If you grew up in the American Midwest, you know tuna casserole. This is an autoimmune protocol and paleo “zoodle” version that is packed with vegetables and flavor!
- 4–5 cups of zucchini noodles (from 2–3 large zucchinis)
- 1 teaspoon salt
- 3 tablespoons coconut oil (divided)
- 1 small onion, diced
- 2 celery stalks, minced
- 3 garlic cloves, crushed
- 4 ounces white button mushrooms, minced
- 1 teaspoon fresh thyme leaves
- 3 tablespoons cassava flour
- 1 1/2 cups bone broth
- 1/2 cup coconut milk
- 2 cans tuna (5 ounces each)
- 1 cup plantain chips, crushed
- Place spiralized zucchini noodles in colander and toss with salt.
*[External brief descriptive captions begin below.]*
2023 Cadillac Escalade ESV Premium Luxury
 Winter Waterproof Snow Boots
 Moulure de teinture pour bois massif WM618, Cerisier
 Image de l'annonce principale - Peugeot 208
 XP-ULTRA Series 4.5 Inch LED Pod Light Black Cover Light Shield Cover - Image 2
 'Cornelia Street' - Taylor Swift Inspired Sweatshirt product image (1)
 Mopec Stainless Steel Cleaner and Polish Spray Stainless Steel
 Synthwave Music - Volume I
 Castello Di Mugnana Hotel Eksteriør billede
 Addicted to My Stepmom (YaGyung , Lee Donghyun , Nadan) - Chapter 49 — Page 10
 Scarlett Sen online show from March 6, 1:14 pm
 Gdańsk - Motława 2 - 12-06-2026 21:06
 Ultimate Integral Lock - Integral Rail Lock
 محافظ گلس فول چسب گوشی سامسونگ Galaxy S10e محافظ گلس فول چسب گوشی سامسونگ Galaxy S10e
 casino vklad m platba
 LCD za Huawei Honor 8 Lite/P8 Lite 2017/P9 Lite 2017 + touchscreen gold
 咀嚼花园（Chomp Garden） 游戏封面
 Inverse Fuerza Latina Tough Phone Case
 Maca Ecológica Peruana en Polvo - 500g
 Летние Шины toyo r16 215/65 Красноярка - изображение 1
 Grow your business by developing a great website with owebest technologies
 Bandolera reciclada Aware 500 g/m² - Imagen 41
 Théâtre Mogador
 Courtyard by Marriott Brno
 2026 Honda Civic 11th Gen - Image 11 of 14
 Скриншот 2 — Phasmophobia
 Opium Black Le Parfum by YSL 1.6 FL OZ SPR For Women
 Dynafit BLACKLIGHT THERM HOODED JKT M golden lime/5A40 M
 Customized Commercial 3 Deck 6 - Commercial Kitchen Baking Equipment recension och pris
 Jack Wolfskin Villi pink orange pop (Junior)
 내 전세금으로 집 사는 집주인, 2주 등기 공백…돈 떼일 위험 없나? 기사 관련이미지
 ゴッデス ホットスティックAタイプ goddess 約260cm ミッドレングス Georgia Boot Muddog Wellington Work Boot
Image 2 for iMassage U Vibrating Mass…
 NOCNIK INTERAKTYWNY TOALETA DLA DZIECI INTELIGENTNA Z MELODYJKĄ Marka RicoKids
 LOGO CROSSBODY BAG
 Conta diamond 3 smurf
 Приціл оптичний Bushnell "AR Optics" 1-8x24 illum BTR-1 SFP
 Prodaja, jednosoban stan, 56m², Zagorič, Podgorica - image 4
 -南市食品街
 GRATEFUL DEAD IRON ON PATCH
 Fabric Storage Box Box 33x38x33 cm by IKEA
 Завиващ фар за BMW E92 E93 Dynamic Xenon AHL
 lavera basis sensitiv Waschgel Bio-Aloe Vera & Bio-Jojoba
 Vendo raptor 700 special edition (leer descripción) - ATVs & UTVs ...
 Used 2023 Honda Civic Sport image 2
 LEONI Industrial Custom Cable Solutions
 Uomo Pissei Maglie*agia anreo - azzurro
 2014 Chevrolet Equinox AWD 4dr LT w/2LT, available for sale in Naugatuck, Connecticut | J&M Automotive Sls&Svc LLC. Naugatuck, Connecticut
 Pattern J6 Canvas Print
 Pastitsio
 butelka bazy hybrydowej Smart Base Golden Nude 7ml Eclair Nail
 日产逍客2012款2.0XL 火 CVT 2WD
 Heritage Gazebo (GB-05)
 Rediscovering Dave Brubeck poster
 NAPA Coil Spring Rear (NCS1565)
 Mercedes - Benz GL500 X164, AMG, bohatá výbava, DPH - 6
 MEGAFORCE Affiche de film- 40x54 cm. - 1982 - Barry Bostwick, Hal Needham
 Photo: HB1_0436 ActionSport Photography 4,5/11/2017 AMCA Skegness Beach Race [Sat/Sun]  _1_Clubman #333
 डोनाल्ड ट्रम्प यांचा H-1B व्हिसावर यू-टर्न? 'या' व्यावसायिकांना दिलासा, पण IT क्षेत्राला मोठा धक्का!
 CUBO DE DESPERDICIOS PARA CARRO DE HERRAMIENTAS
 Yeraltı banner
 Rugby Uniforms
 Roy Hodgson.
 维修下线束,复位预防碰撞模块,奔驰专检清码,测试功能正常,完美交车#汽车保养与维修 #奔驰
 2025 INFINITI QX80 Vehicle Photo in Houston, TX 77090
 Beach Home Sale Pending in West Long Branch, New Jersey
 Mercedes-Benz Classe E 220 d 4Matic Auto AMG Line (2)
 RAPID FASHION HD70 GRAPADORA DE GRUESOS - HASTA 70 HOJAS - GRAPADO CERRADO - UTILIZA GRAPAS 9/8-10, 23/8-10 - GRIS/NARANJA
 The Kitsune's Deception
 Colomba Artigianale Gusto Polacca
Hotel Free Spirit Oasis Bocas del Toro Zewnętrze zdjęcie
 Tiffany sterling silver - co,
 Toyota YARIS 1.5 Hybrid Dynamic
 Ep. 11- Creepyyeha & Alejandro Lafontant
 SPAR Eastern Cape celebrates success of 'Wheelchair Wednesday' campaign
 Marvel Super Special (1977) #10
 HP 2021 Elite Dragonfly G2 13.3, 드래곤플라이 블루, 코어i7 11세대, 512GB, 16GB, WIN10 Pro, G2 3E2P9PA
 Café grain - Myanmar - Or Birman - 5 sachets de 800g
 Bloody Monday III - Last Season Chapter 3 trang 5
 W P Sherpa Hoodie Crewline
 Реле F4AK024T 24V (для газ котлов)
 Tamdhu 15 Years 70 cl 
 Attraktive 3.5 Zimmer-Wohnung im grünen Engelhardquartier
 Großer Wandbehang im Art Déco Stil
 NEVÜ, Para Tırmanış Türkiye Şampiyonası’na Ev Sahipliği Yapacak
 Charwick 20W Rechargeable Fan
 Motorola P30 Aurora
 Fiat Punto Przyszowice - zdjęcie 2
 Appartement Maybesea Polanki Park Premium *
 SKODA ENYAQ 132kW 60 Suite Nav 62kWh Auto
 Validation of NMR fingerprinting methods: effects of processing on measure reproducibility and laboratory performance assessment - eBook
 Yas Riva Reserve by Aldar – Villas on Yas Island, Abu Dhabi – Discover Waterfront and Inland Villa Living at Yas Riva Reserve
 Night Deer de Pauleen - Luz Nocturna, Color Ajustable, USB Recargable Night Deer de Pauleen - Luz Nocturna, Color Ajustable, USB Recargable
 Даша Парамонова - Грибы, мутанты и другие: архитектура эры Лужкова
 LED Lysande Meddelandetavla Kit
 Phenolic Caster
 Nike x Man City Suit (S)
Allow to drain for 30-60 minutes and then squeeze as much excess water as you can out of them.
- Transfer salted and drained zoodles to a 2-3 quart casserole dish.
- Preheat oven to 375° F.
- In a skillet over medium heat, sauté onion and celery in 1 tablespoon coconut oil until soft (about 3 minutes) then add garlic and mushrooms and continue cooking until everything is soft and lightly browned (about 5 more minutes).
- Spread cooked vegetables evenly over top zoodles and return now empty skillet to the heat.
- Add 2 more tablespoons coconut oil to the skillet and cassava flour. Cook and stir vigorously until brown (about 2 minutes). Add broth and continue cooking and stirring until a thick gravy has formed (about 3 minutes). Add coconut milk and tuna. Stir to break up tuna chunks and cook until mixture is bubbling and thick.
- Pour tuna mixture evenly over vegetables in casserole dish and cover with aluminum foil (or oven safe glass casserole dish lid).
- Place in oven and bake, covered, for 25 minutes.
- Remove casserole from oven and increase temperature to 425° F. Remove cover and sprinkle evenly with crushed plantain chips.
- Return to oven and bake for 10 minutes or until top is nicely browned and liquid on edges is bubbling.